= Light Heart (balloon) =

Balloon used during an unsuccessful crossing of the Atlantic Ocean

Light Heart was a balloon constructed by Colonel Thomas Leigh Gatch Jr., USAR (13 September 1925 – disappeared 19 February 1974) for an unsuccessful attempt at the first crossing of the Atlantic Ocean by balloon.
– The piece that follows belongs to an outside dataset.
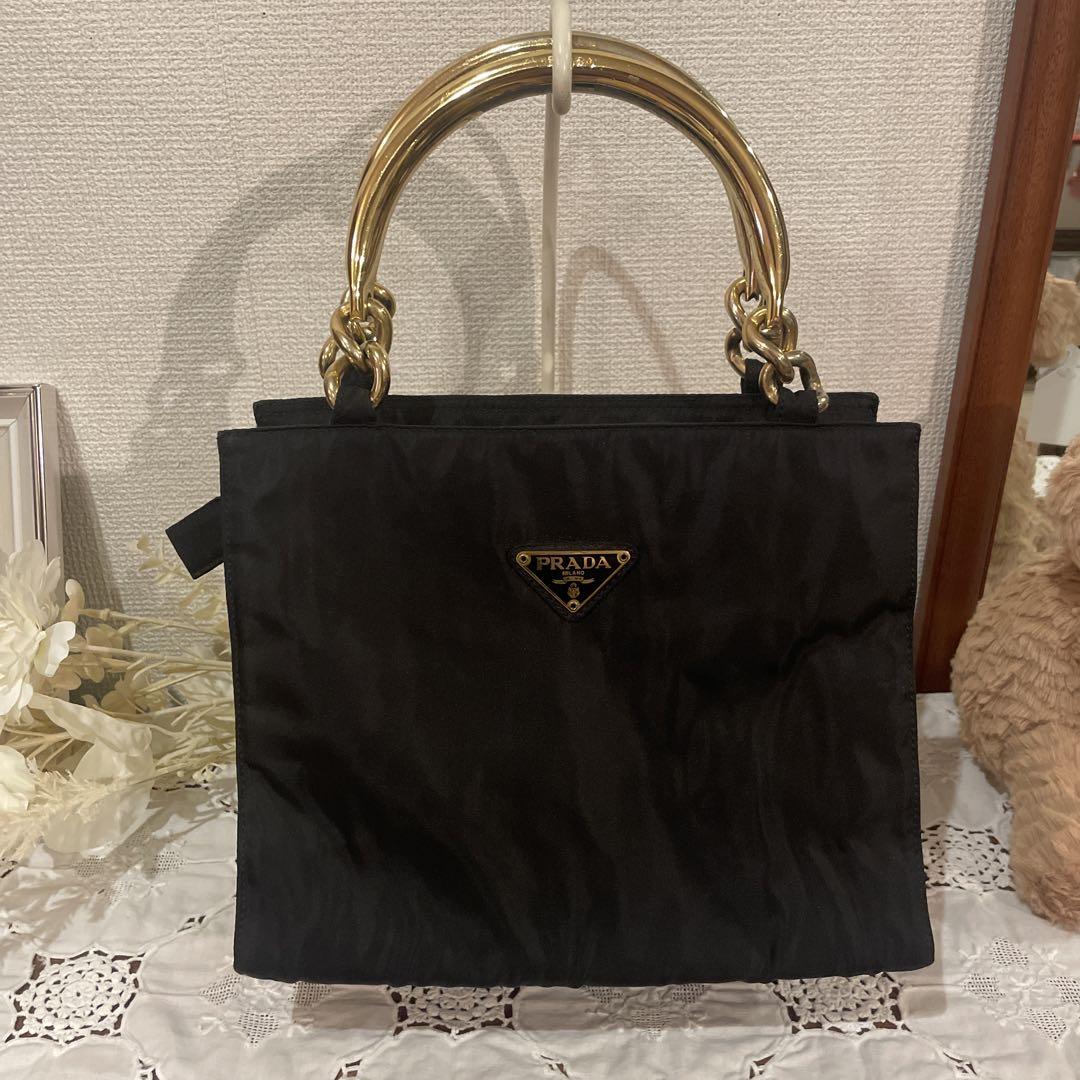 【PRADA】プラダ ハンドバッグ ブラック 2025AW 日本入手困難品◇PRADA◇ QUILTING SILVER LOGO MINI CHAIN BAG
Gatch was the son of Vice Admiral Thomas Leigh Gatch (1891–1954) and grandson of photographer Helen Gatch (1862–1942).

==Balloon design==
The balloon consisted of a sealed and pressurized envelope suspended from a cluster of ten helium balloons. Each of these was a superpressure balloon (also known as a constant pressure or positive pressure balloon.) In theory, such a balloon can retain a constant altitude over very long-distance flights of several days' duration, since the volume of the envelope remains relatively constant over time. Changes in the pressure of the gas due to heating and cooling are accommodated by mitigating the temperature changes and using an inelastic envelope. The sealed and insulated gondola, which Gatch constructed at home, was designed to maintain the same partial pressure of oxygen as at sea level (40% oxygen at 0.5 atmospheres).

==Flight plan==

Gatch intended to fly the Atlantic (solo) from Harrisburg Airport, Pennsylvania, to somewhere in Western Europe in a little over two days. The theory underlying this plan was that he would be able to maintain a constant altitude of 12,000m (39,000 ft); at this altitude the jet stream should carry his aircraft from North America to Europe in the time planned.
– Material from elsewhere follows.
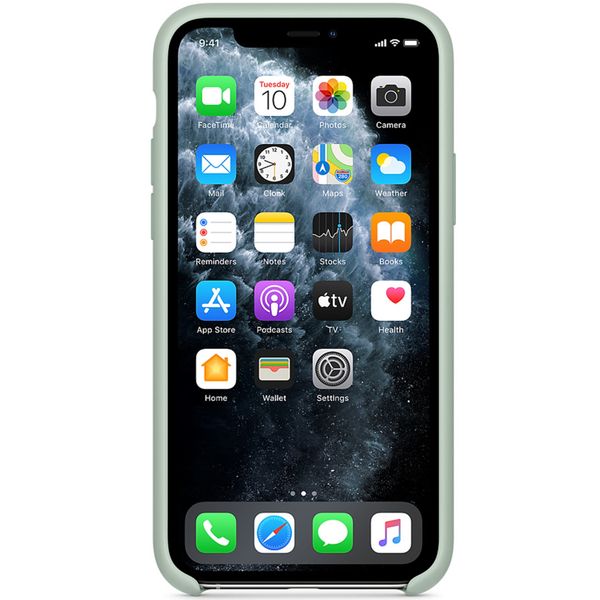 Apple Silikon-Case für das Apple iPhone 11 Pro - Beryl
==Flight and disappearance==
Light Heart took off from Harrisburg Airport at 19:29 hours on 18 February 1974. By 21:00 the balloon was reported to have stabilized at 10,200m (33,500 ft), having passed over Dover, Delaware, and Atlantic City, New Jersey. Gatch reported that one of the ten helium balloons had burst during the ascent (at 20:45). While the balloon was able to continue in this condition, he had been forced to jettison water ballast to continue climbing and he was now able to cruise at no more than 11,000m (36,000 ft), rather than the 12,000m (39,000 ft) he had originally intended.

For the next sixteen hours Gatch maintained radio contact with passing airliners (at least two of which were diverted to avoid his craft). His last radio contact was at 12:50 on Tuesday, 19 February, with BOAC Flight 583. At that point, the balloon was 1,490 km (925 miles) northeast of San Juan, Puerto Rico. Light Heart continued to drift southwards out of the main transatlantic airways, far south of Gatch's plotted course.

No further radio transmissions were received from Light Heart. The Liberian freighter Ore Meridian reported sighting the balloon just after dawn on 21 February. At that point, the balloon was at an altitude of about 305 m (1000 ft), approximately 1,610 km (1,000 miles) west of the Canary Islands and drifting towards Africa. According to this report, eight of the ten balloons remained inflated. The gondola was designed to float in the event of a water landing and to be radar reflective. Notwithstanding this (or conjectures that the balloon might have landed in the Spanish Sahara) no confirmed trace of Light Heart or Gatch was ever found, after the Ore Meridians reported sighting on 21 February.

The US Department of Defense and the Spanish Army conducted extensive search operations both at sea off West Africa and in the Spanish Sahara. Search operations were called off in mid-March 1974.